DATA SECTION:
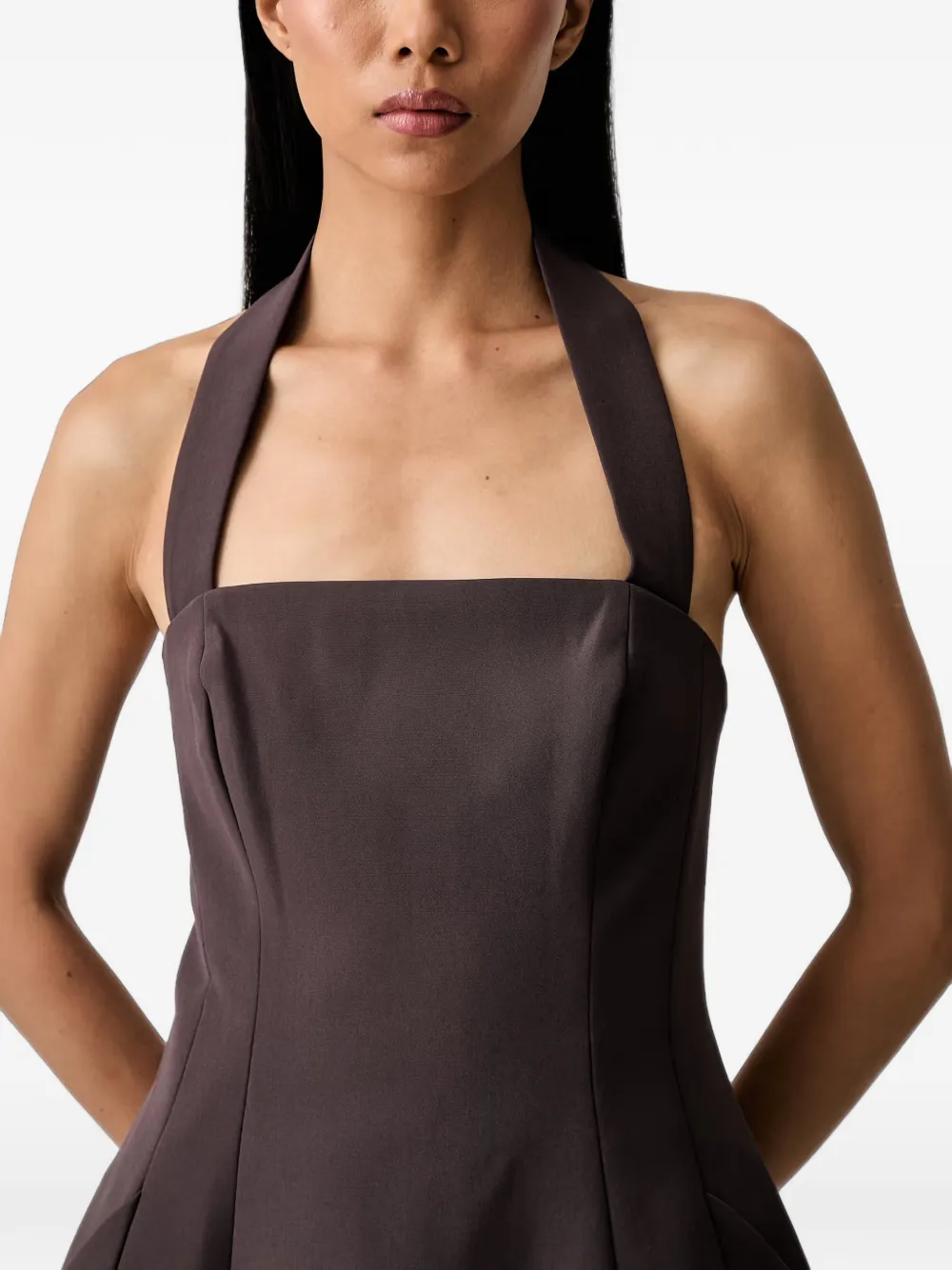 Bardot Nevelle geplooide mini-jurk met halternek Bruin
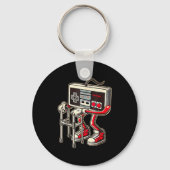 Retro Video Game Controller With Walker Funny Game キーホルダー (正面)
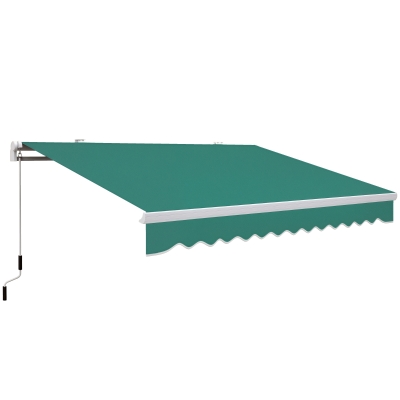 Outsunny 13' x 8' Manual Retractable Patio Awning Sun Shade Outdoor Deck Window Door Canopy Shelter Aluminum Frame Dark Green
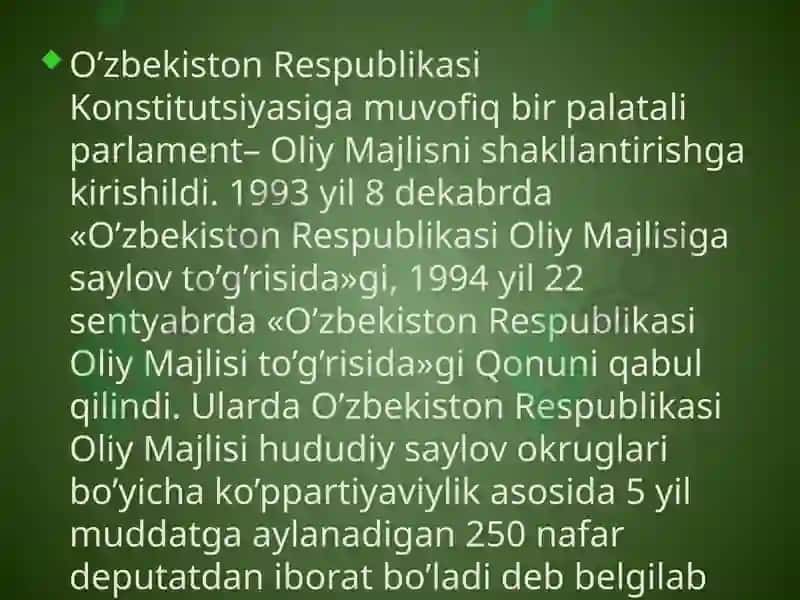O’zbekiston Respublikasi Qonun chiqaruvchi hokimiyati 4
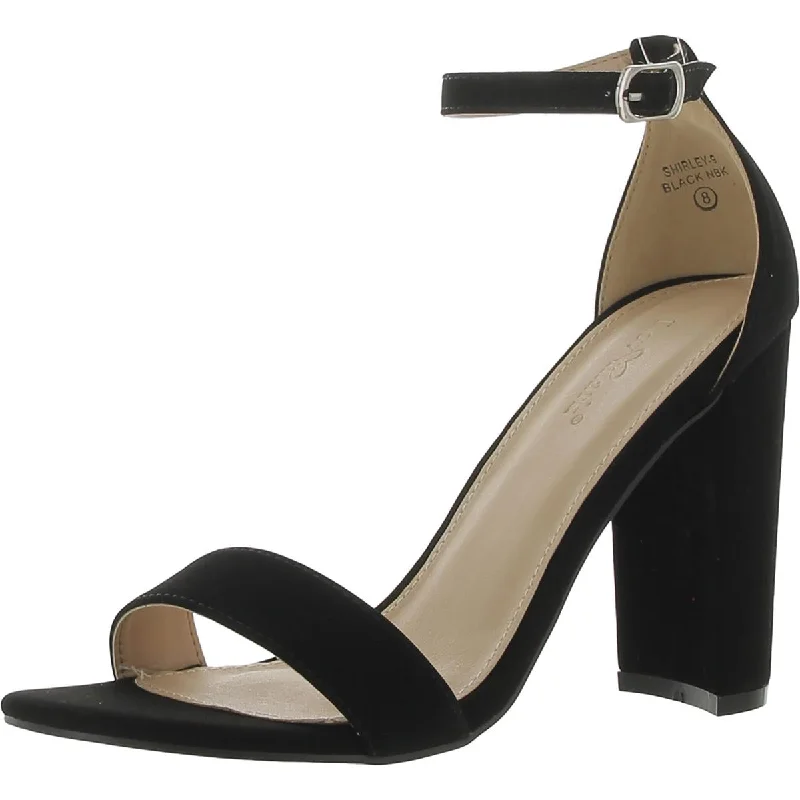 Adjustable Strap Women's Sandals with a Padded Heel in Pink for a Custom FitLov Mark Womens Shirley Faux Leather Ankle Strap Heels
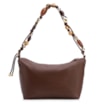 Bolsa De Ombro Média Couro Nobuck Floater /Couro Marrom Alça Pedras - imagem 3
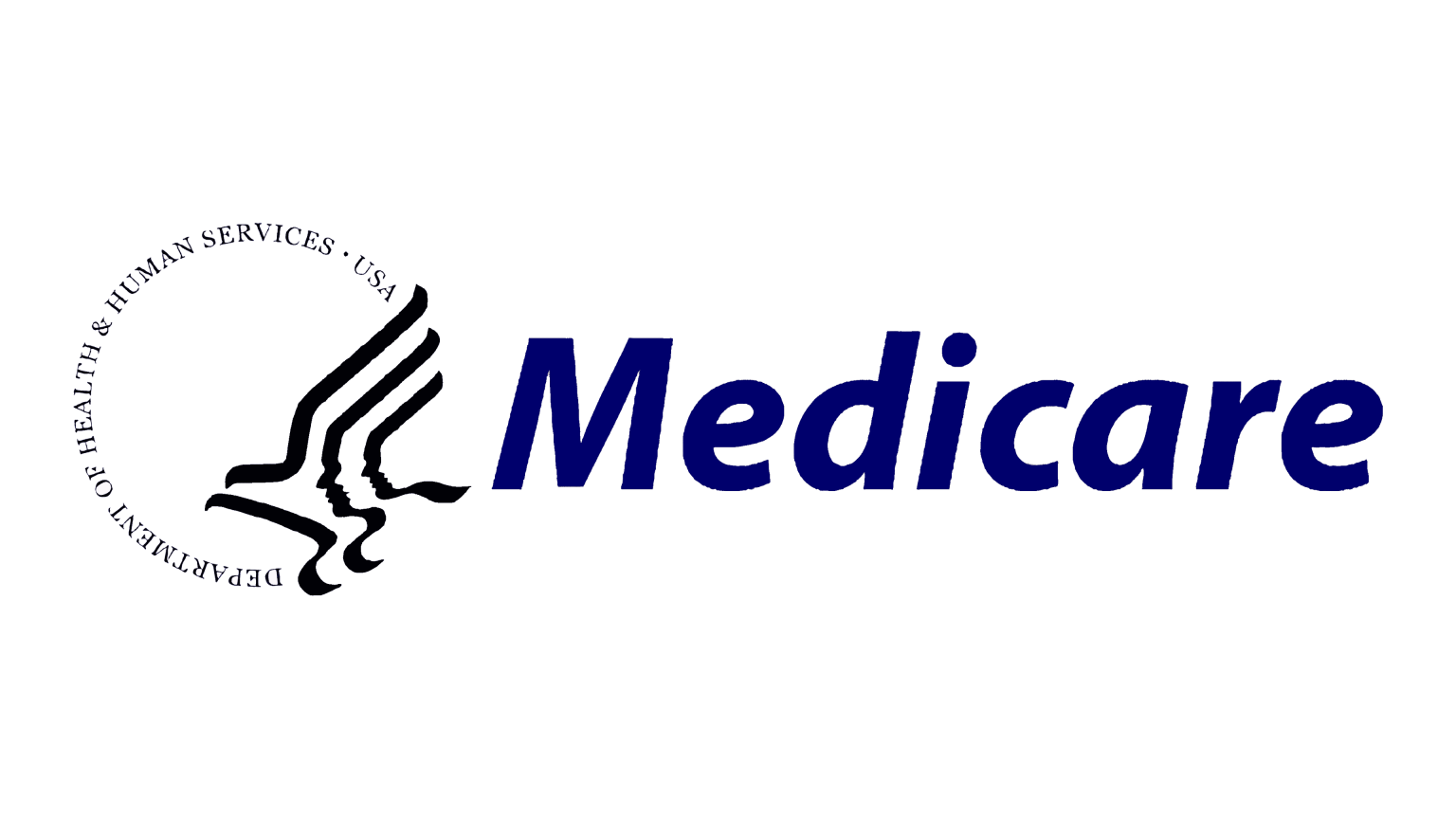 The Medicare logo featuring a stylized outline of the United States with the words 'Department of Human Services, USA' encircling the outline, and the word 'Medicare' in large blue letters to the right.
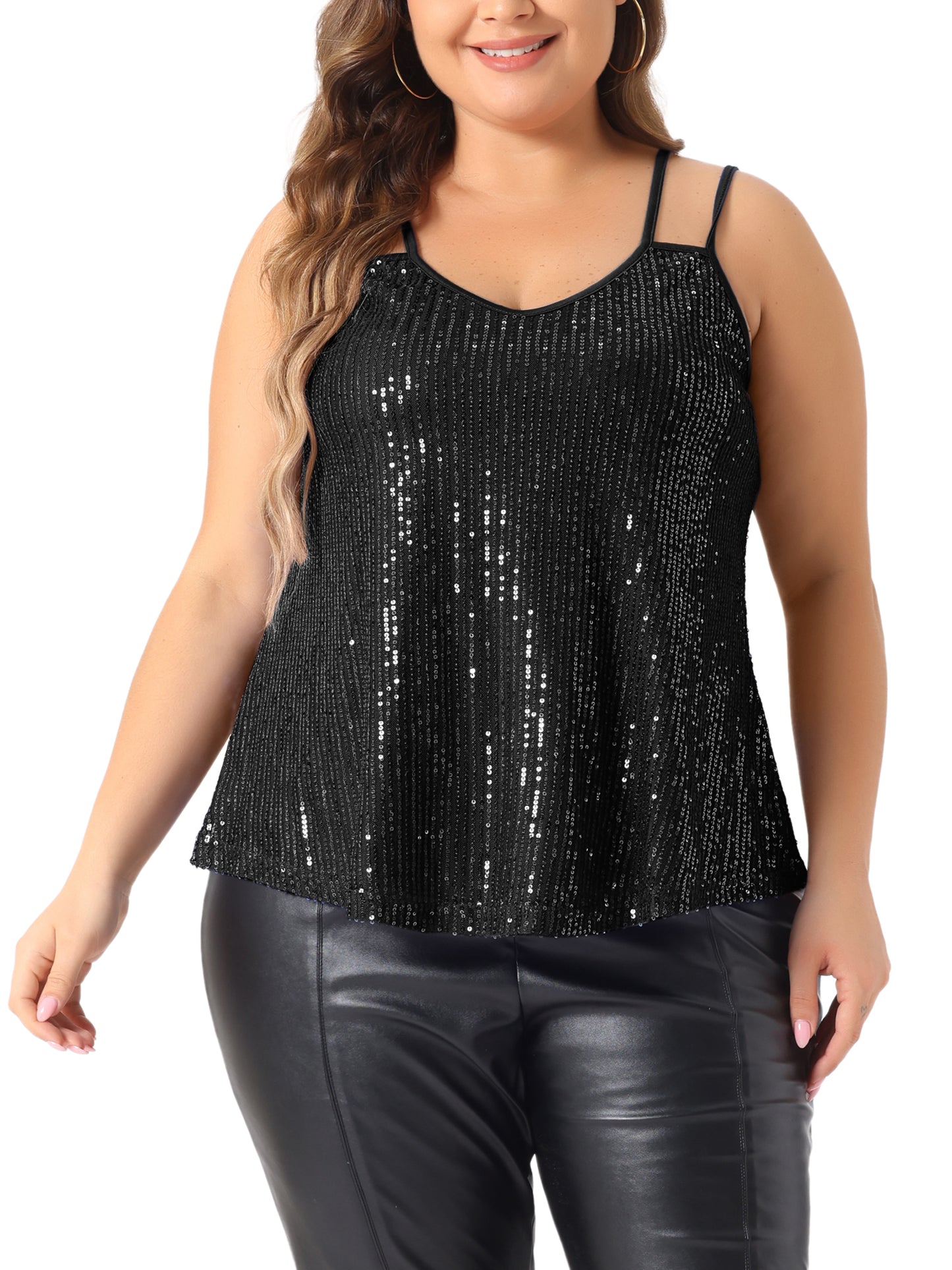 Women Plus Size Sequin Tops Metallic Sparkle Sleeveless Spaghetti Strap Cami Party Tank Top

WHAT IS EXPECTED: Omit the pictures and print again exactly the lines from the one with "Adjustable Strap Women's" through the final line of the entries, both ends included.

OUTPUT:
 Adjustable Strap Women's Sandals with a Padded Heel in Pink for a Custom FitLov Mark Womens Shirley Faux Leather Ankle Strap Heels
 Bolsa De Ombro Média Couro Nobuck Floater /Couro Marrom Alça Pedras - imagem 3
 The Medicare logo featuring a stylized outline of the United States with the words 'Department of Human Services, USA' encircling the outline, and the word 'Medicare' in large blue letters to the right.
 Women Plus Size Sequin Tops Metallic Sparkle Sleeveless Spaghetti Strap Cami Party Tank Top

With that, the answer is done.